### Assignment
Copy the data that appears below exactly. Drop the pictures.

### Given data
━━━━━━━━━━━━━━━━
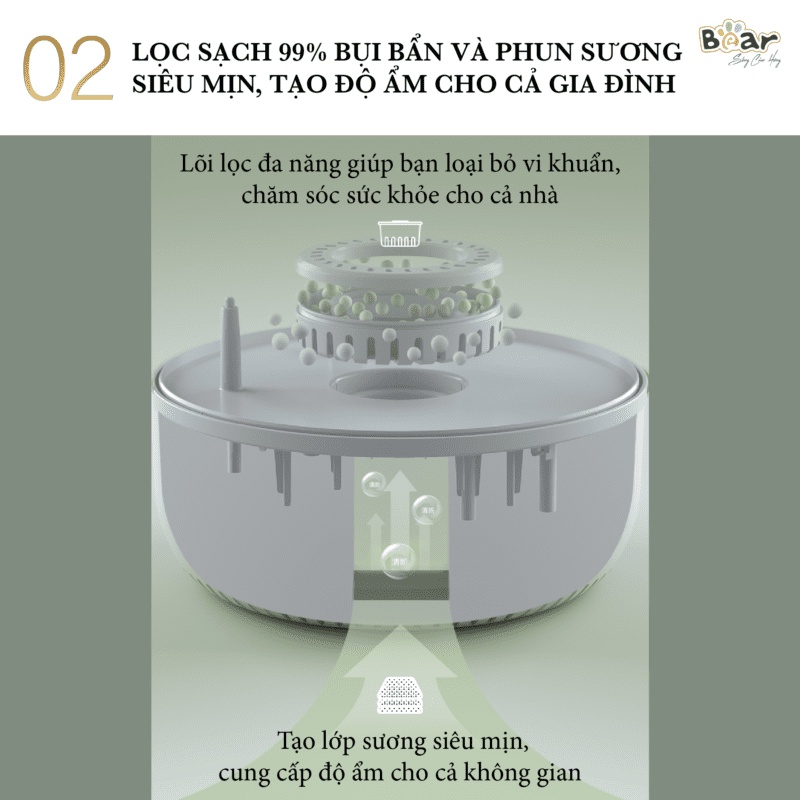 Máy Phun Sương Tạo Ẩm Bear Làm Mát Không Khí Bear JSQ-C45U1, Máy Xông Tinh Dầu, Bộ Lọc Ion Bạc Diệt Khuẩn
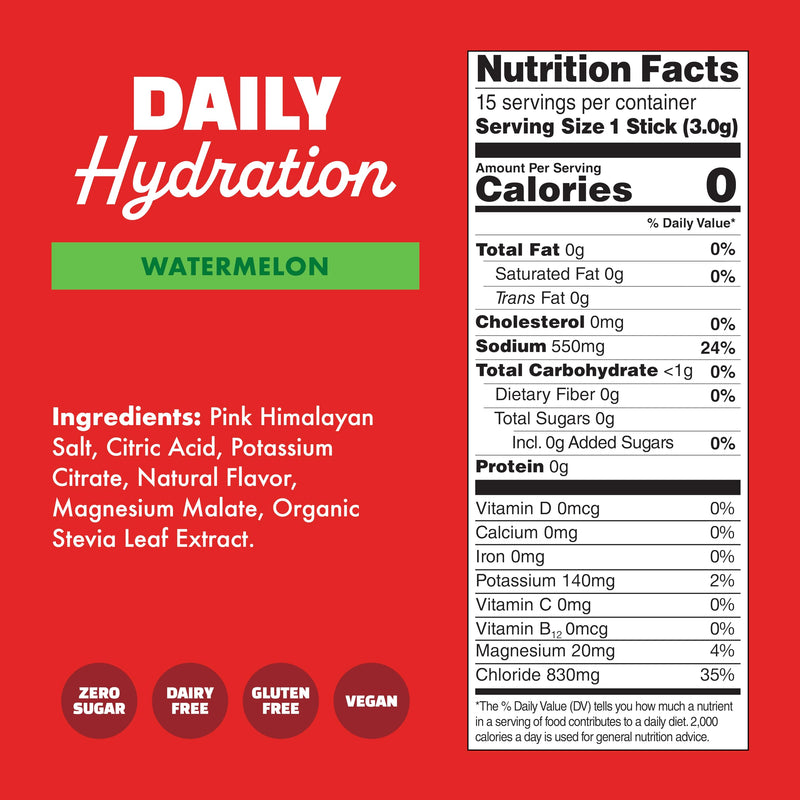 [Australia] - Waterboy Daily Hydration | 1,570mg Electrolyte Powder Packets | No Sugar, All Natural, Gluten Free, Zero Calories | 15 Drink Stick Mixes (Watermelon) Watermelon 1.6 Ounce (Pack of 1) 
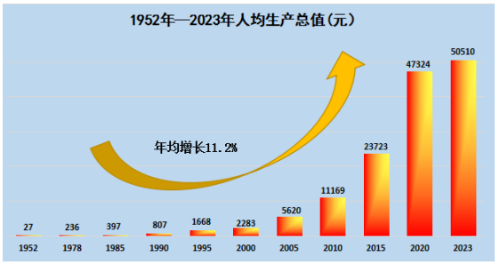 必威亚洲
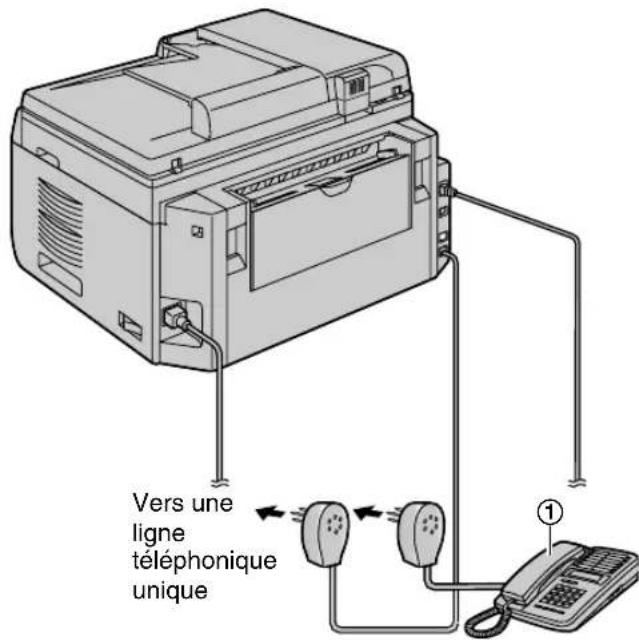 PANASONIC KXMB2030BL - Installation de l'appareil et d'un répondeur - 1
━━━━━━━━━━━━━━━━
### Response area
 Máy Phun Sương Tạo Ẩm Bear Làm Mát Không Khí Bear JSQ-C45U1, Máy Xông Tinh Dầu, Bộ Lọc Ion Bạc Diệt Khuẩn
 [Australia] - Waterboy Daily Hydration | 1,570mg Electrolyte Powder Packets | No Sugar, All Natural, Gluten Free, Zero Calories | 15 Drink Stick Mixes (Watermelon) Watermelon 1.6 Ounce (Pack of 1) 
 必威亚洲
 PANASONIC KXMB2030BL - Installation de l'appareil et d'un répondeur - 1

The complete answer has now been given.